Demo in Deraa
© ReutersDemonstration bei einem Trauermarsch in Deraa.
Syrien will den seit 48 Jahren geltenden Ausnahmezustand aufheben. Die Maßnahme erfolge vor dem Hintergrund der jüngsten Unruhen im Land, sagte ein Regierungssprecher. Dutzende Menschen waren im ganzen Land getötet worden, als Sicherheitskräfte auf Demonstranten geschossen hatten. Die Behörden hätten die Aufhebung bereits beschlossen, es sei aber noch unklar, wann sie in Kraft trete, hieß es in Damaskus.

Zuvor hatte die Regierung bereits versucht, mit der Freilassung von 260 politischen Gefangenen die Lage zu beruhigen. Beim Großteil der freigelassenen Häftlinge handele es sich um Islamisten, auch 14 Kurden seien darunter, sagte der Präsident der syrischen Menschenrechtsliga, Abdel Karim Rihaui. Die meisten der Freigelassenen hätten drei Viertel ihrer Strafe verbüßt.

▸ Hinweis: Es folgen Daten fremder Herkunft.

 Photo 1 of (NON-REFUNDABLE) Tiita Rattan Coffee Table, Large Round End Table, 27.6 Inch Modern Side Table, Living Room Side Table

Bürgerrechte stark eingeschränkt

Die Oppositionellen fordern politische Reformen und Bürgerrechte - sowie die Aufhebung des Ausnahmezustands. Dieser war am 8. März 1963 verhängt worden, als sich die arabisch-nationalistische Baath-Partei an die Macht putschte. Auf der Grundlage des Ausnahmezustands wurden die meisten Bürgerrechte stark eingeschränkt. Insbesondere erlaubt er willkürliche Verhaftungen und politisch motivierte Prozesse vor Staatssicherheitsgerichten ohne Berufungsmöglichkeit und mit eingeschränktem Rechtsbeistand für die Angeklagten.

Proteste im ganzen Land

Bei erneuten Zusammenstößen zwischen unbewaffneten Demonstranten und Angehörigen der Sicherheitskräfte in der Hafenstadt Latakia waren mehrere Zivilisten getötet worden. Oppositionelle sprachen von fünf bis sieben Toten. Nach Angaben von Regimegegnern schossen Scharfschützen einer Spezialeinheit von den Dächern mehrerer Gebäude in der Stadt, die 350 Kilometer nordwestlich von Damaskus liegt.

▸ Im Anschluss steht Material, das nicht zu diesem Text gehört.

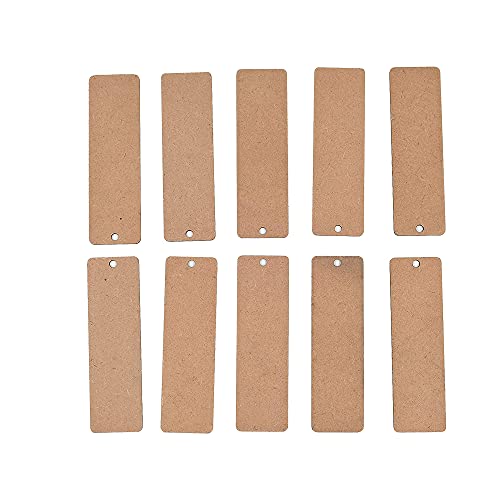 Image of IVEI DIY Wood Sheet Craft - MDF Cutouts Bookmark - Plain MDF Blanks Cutouts - Set of 10 for Painting Wooden Sheet Craft, Decoupage, Resin Art Work & Decoration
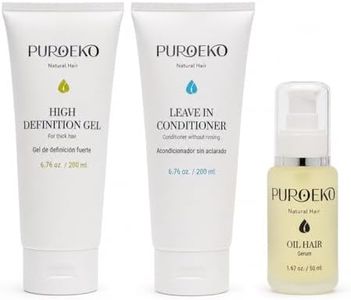 PUROEKO Curly Hair Definition Set – Leave-In Conditioner 200 ml, Strong Hold Gel 200 ml & Oil Hair Serum 50 ml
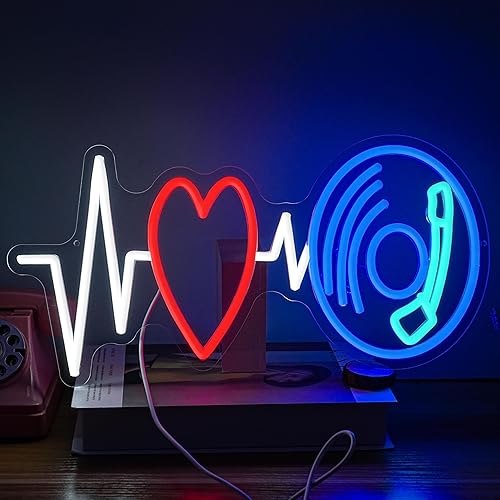 Vinyl Records Heartbeat Neon Sign Retro Music Record Neon Light Vintage Vinyl Heartbeat Music LED Light Up Sign for Wall Decor Home Studio Club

Auch in Daraa, das immer wieder zum Schauplatz gewaltsamer Auseinandersetzungen zwischen Demonstranten und der Staatsmacht geworden ist, versammelten sich Hunderte Menschen im Zentrum und forderten mehr Freiheit. In der im Süden des Landes gelegenen Stadt waren in der vergangenen Woche Dutzende Menschen getötet, als die Sicherheitskräfte Proteste niederschlugen.

Kein Eingreifen der USA

Die USA planen trotz der Gewalt gegen die Demonstranten kein Eingreifen in Syrien ähnlich dem Militäreinsatz in Libyen. "Nein", antwortete Außenministerin Hillary Clinton in einem Interview des Senders CBS auf die Frage, ob die USA intervenieren würden.

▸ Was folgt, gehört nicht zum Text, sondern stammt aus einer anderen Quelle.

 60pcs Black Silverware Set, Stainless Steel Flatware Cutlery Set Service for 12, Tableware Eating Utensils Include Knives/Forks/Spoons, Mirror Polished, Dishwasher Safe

Was in den vergangenen Wochen in Syrien geschehen sei, "ist zutiefst besorgniserregend", so die Außenministerin. "Aber es gibt einen Unterschied zwischen dem Einsatz von Flugzeugen sowie dem willkürlichen Beschießen und Bombardieren der eigenen Städte und Polizeiaktionen mit einer Gewaltanwendung, die das, was wir alle sehen wollen, überschritten hat." Insgesamt seien "alle diese Situationen" unterschiedlich, betonte Clinton mit Blick auf die Unruhen im Jemen, in Libyen, Syrien und Bahrain.